As a group, graduates with doctoral diplomas represent just 2% of American adults with college degrees. But the graduates were told that their relatively small numbers bely a more communal reality — that their knowledge was built on the wisdom of many scholars who came before them, and that their academic success was made possible by people who supported them.
“It is important to recognize the act of hooding, too, is a symbol — a symbol of the passing of knowledge, expertise and skill from your faculty mentor to you,” UD Provost Laura Carlson said.
It’s also an achievement that relies on more than a few friends and family. Both were in plentiful supply at the ceremony — dads and moms, partners and babies, even soulmates and classmates.
“We went to school together literally from kindergarten through high school,” said Becca Ivers of bioinformatics data science graduate Rachel Ann Keown. The friendship has been so close through the years that the pair are now “practically sisters.”
“It’s been a journey that she never gave up,” Ivers said. “She’s been on vessels out in the ocean working for this degree. She really is amazing.”
Those kinds of words become a sustenance of sorts for doctoral students who have spent four, five or even seven years earning the title of “doctor,” Rossi said.
“It’s hard to do that without having people who know you, who care about you and are there for you,” Rossi said. They may not leave the ceremony with a degree of their own, but they have earned their own sort of glory, the graduates were told.
“To the family and friends of our graduates, I want to say, ‘Thank you. Thank you for your support and encouragement.’ It has been absolutely essential to their success,” Assanis said.
None of those supporting actors may have made it to the stage, but they played their parts well from their seats in the cheering crowd.
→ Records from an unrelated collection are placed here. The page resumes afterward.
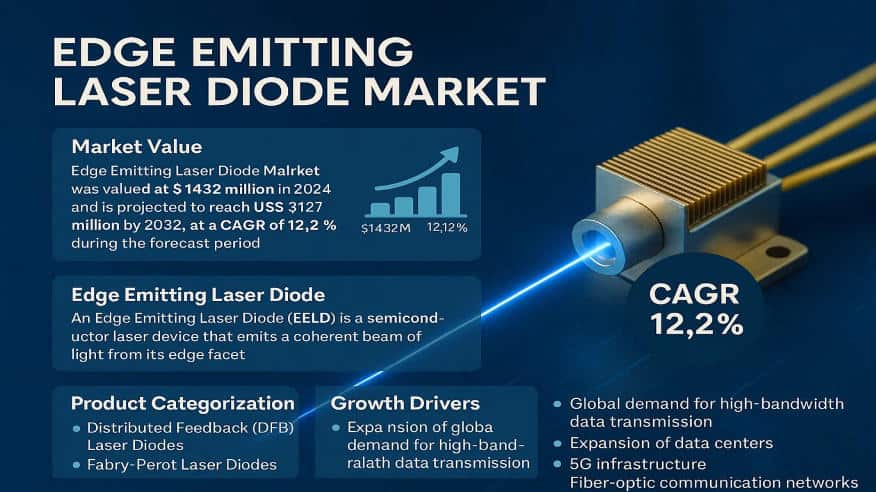 Edge Emitting Laser Diode Market: Innovation Landscape and Technology Outlook 2032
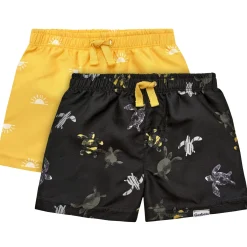 2-Pack Baby & Toddler Boys UPF 50+ Turtles & Suns Swim Trunks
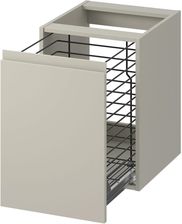 Zdjęcie Cersanit Szafka łazienkowa pod blat z koszem na pranie Moduo 40 cm kaszmir mat (S590114) - Rajgród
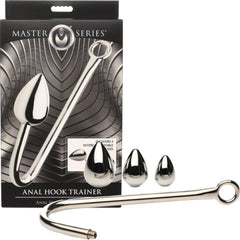 Master Series Anal Hook Trainer Anal Hook With 3 Plugs - - Butt Plugs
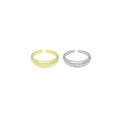 Bague Réglable Dôme Or Argent, Réf#A159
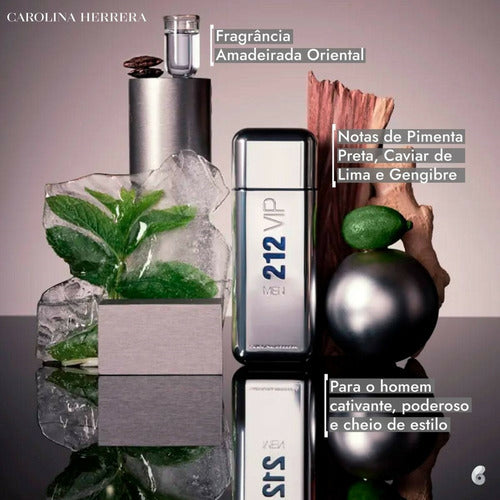 212 VIP MEN CAROLINA HERRERA EAU DE TOILETTE - PERFUME MASCULINO 100ML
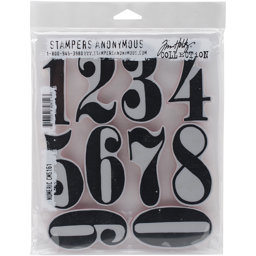 Zeige Details für Tim Holtz Cling Stamps -Numeric Bild von Tim Holtz Cling Stamps -Numeric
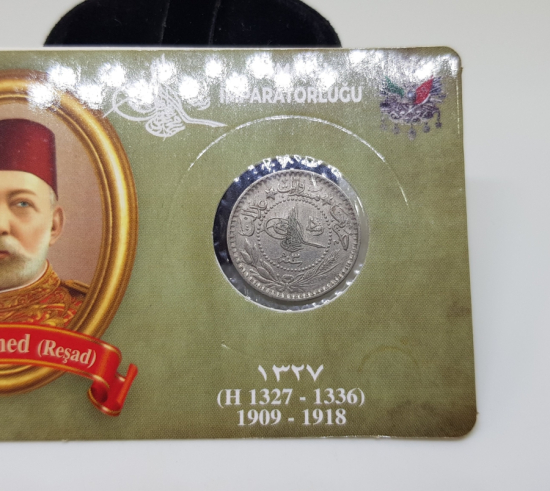 MEHMED REŞAD HAN DÖNEMİ KAPAMASINDA NİKEL 10 PARA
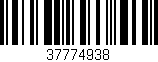 Código de barras (EAN, GTIN, SKU, ISBN): '37774938'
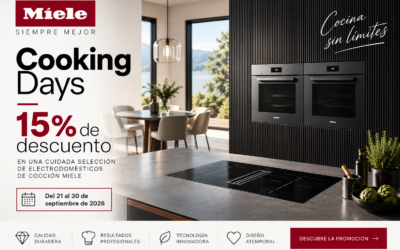 Miele Cooking Days: 15% de descuento en electrodomésticos de cocción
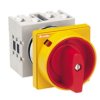 Łącznik krzywkowy 0-1 3P 40A do wbudowania z pokrętłem żółto/czerwonym blokowany kłódką GX4010U65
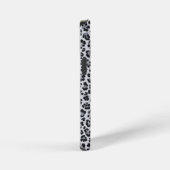 Pattern Leopard Print Gray iPhone Hoesje (Rechterkant)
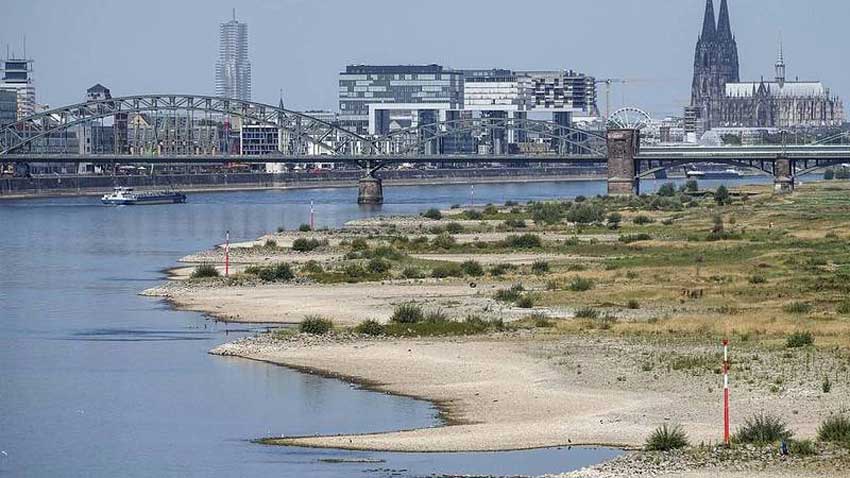 تفاؤل مناخي..ارتفاع منسوب نهر الراين في ألمانيا
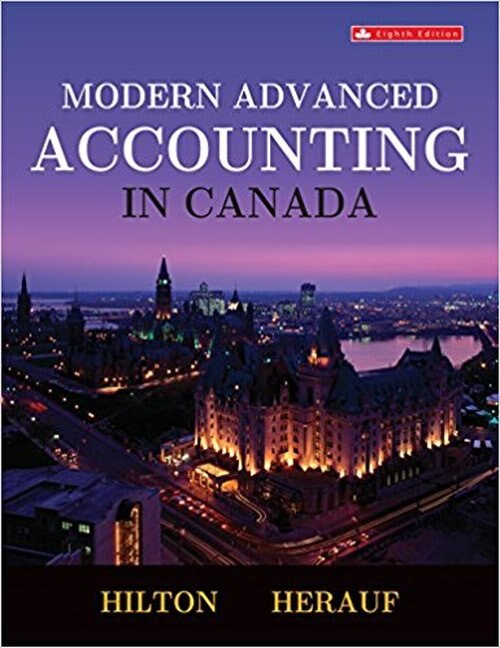 Solution Manual For Modern Advanced Accounting in Canada, 7th edition by Darrell Herauf and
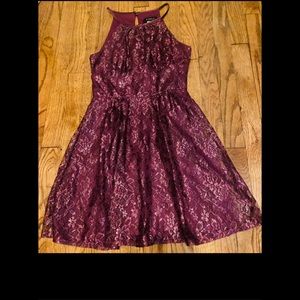 B Darlin Women’s purple lace dress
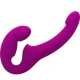 Double dildo SHARE LITE din silicon, negru, mărime universal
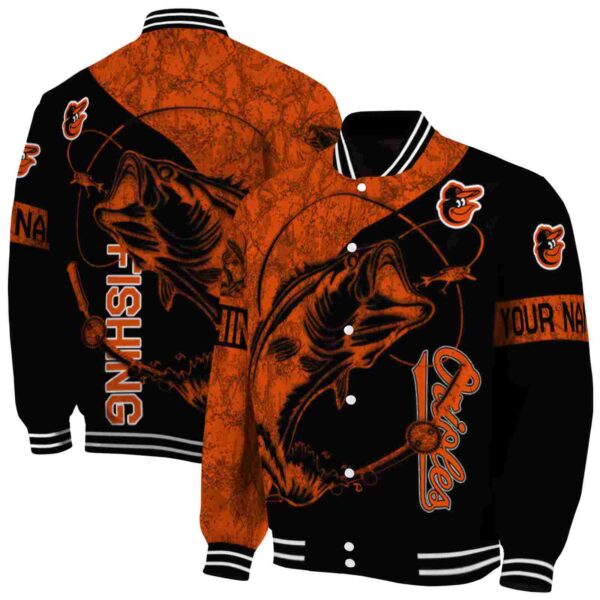 customized baltimore orioles fishing rod black jacket fashion forward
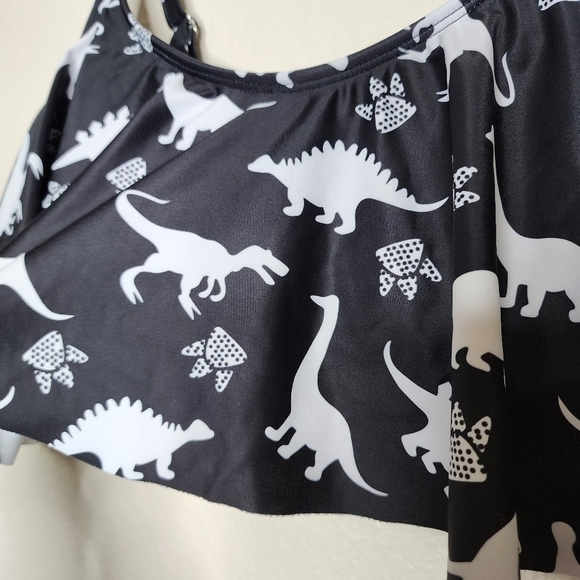 DRESSFO Black Dino Swim Top 12 - Picture 8 of 9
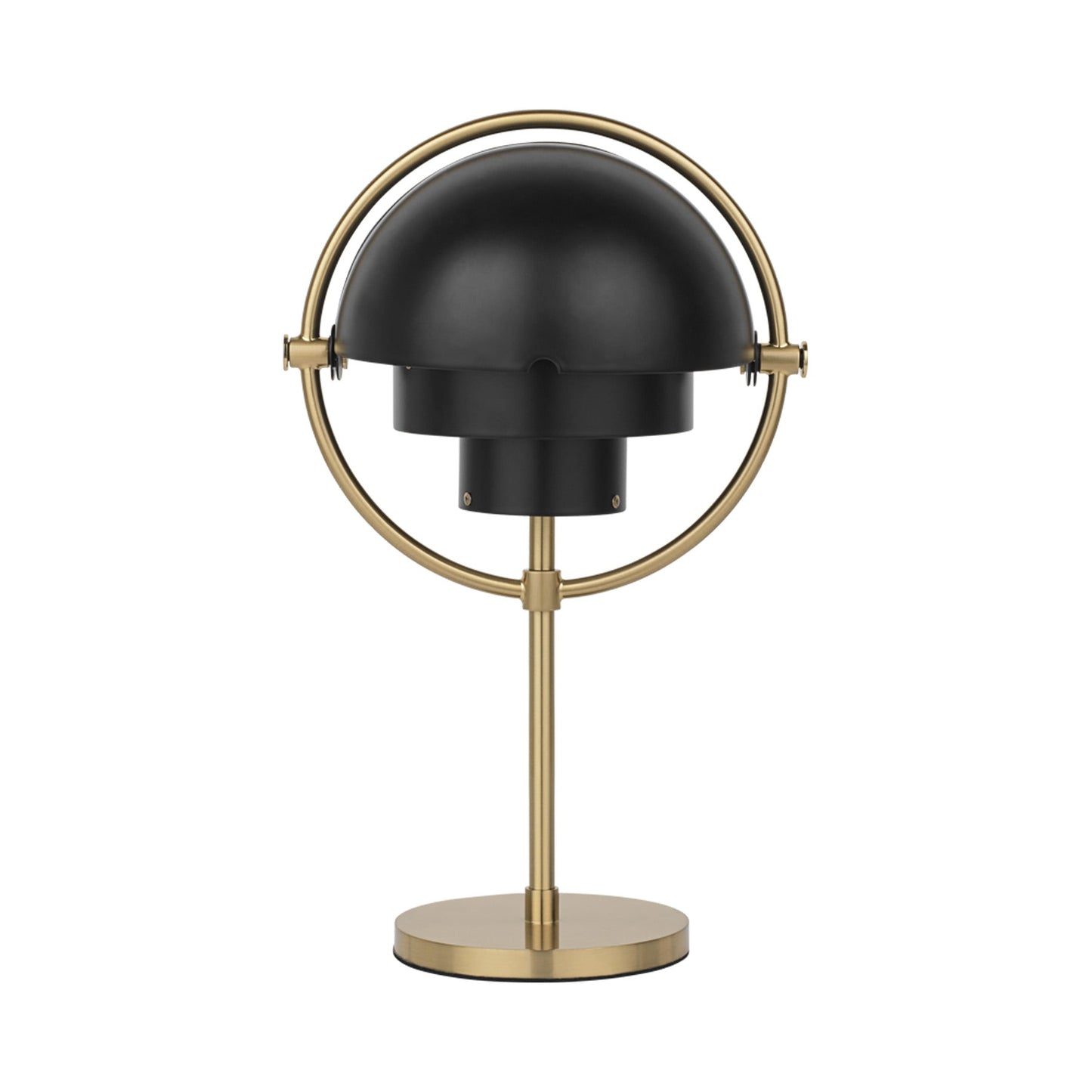 Multi-Lite LED Rechargeable Table Lamp in Brass/Black Semi Matt.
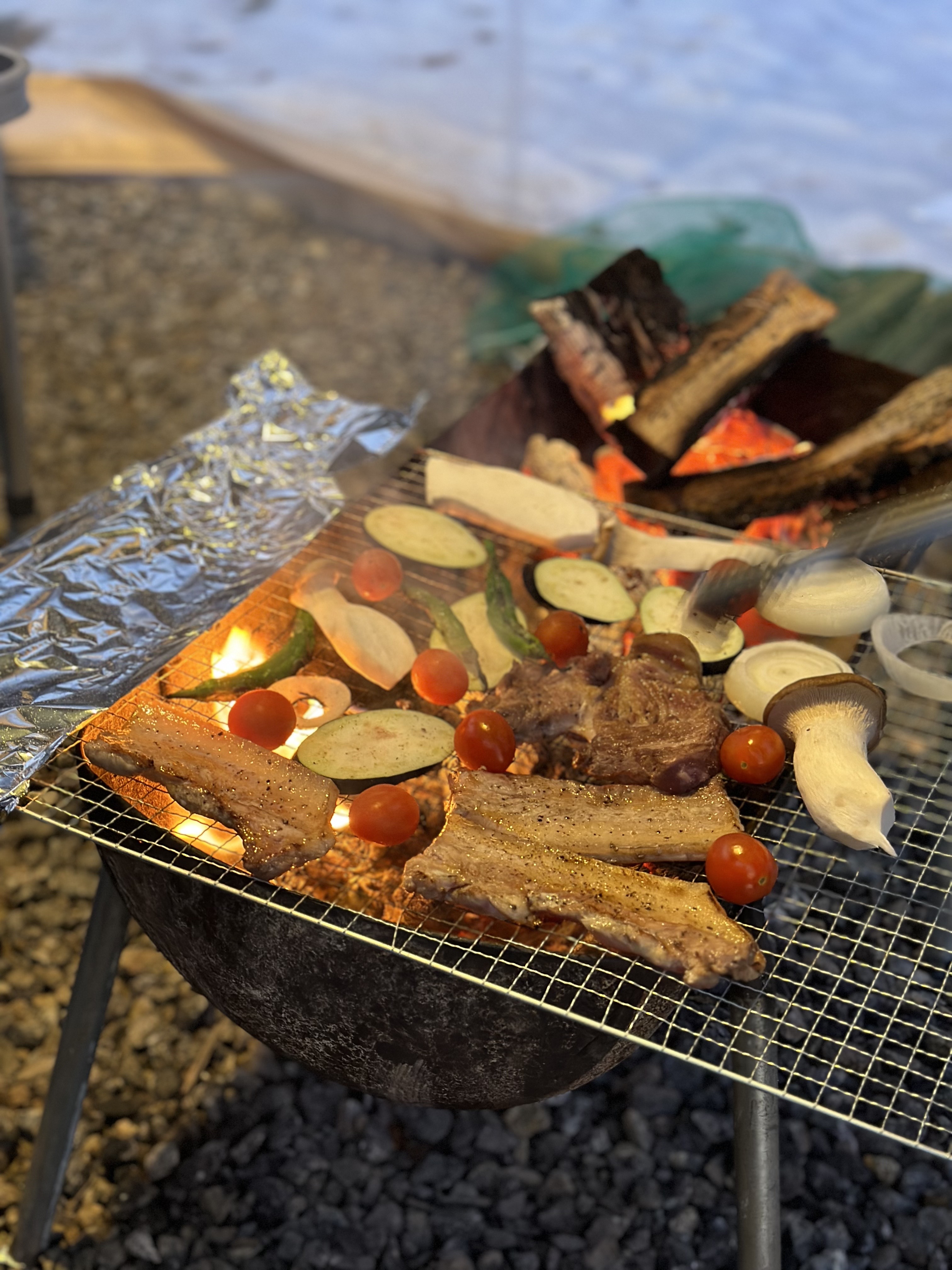 캠핑 바베큐 장보기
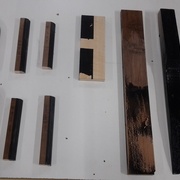 Différents essais de teinte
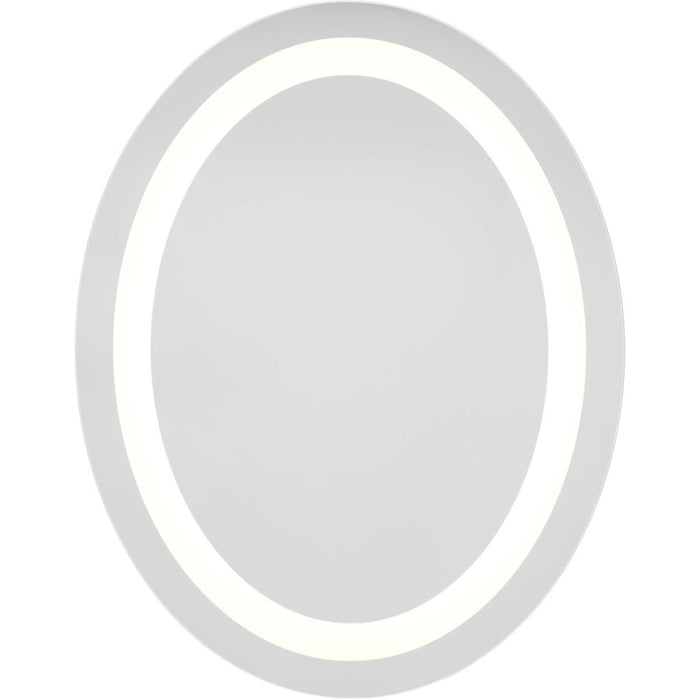 Progress Captarent 1 Light 28" LED Mirror, White/Silver - P300456-030-30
High above the floor at the Bob, amid the happy burbling of the baby that accompanied them, DeVonte Moore’s five friends were there to see him take his chemistry and biochemistry degree.
One of them, former classmate and fellow UD chemistry and biochemistry doctoral degree recipient Patrick Beardslee, had few doubts that his California friend would be one of those change-makers that Assanis hailed.
“He’s committed,” he said of Moore, whose non-infant friends in attendance also included Stacie Beardslee, Christine Rourke, Joey Patria and Susanne Walker.
“He was in California, then drove back to Delaware” to resume his studies after a pause, Stacie Beardslee said.
The faculty members who served over the years as crucial advisors for the graduates were of course in attendance as well, taking the stage and draping their “mentees” with the 4-foot-long doctoral hood — lined with blue and gold, naturally — then standing by proudly as happy celebrations ensued.
“Thanks for seeing her through,” communication graduate Emily Pfender’s family said to her advisor, professor Scott Caplan.
“We did it!” Caplan said to his newly minted doctor before offering her family some friendly academic advice. “Now that she’s a doctor, whatever she says, you have to listen to, especially if it’s about social media research.”
Pfender wasn’t so sure about that, but she was certain that her UD degree was time well spent: Next, she heads off for a job as a postdoc at the University of Pennsylvania, aiming to use her hard-earned expertise to examine the ways that information on social media can impact people’s health outcomes.
“I do know that doing a Ph.D. is one of the best decisions I ever made,” she said. “It’s been about the development of knowledge, and I don’t think there’s anything more important than that.”